Exercise instructions |
Below are records with pictures; copy word for word only the lines between the line with "Holiday home Koenigskerze Wissmannsdorf" and the line with "Als is a fatal", inclusive, and drop the pictures.

Stored data |
--- --- ---

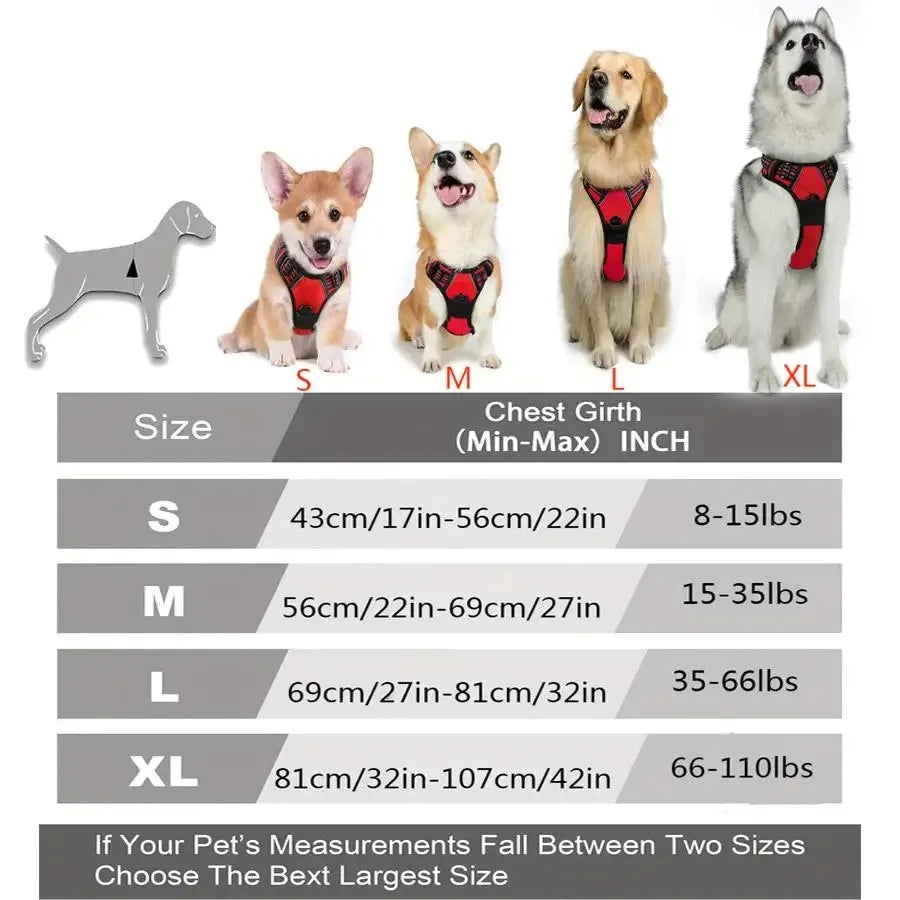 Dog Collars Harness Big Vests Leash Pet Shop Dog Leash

--- --- ---

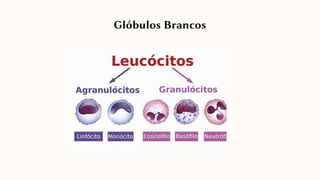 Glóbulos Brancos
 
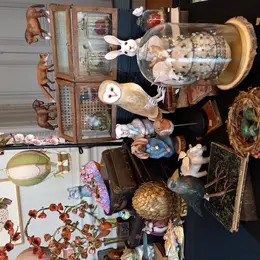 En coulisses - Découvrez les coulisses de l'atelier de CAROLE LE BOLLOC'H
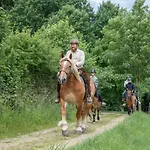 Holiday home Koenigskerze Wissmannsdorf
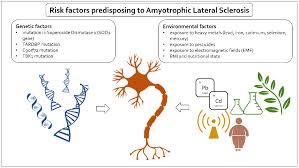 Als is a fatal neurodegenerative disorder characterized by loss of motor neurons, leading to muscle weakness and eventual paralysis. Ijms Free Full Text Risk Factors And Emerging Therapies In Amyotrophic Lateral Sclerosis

--- --- ---

Task result |
 Holiday home Koenigskerze Wissmannsdorf
 Als is a fatal neurodegenerative disorder characterized by loss of motor neurons, leading to muscle weakness and eventual paralysis. Ijms Free Full Text Risk Factors And Emerging Therapies In Amyotrophic Lateral Sclerosis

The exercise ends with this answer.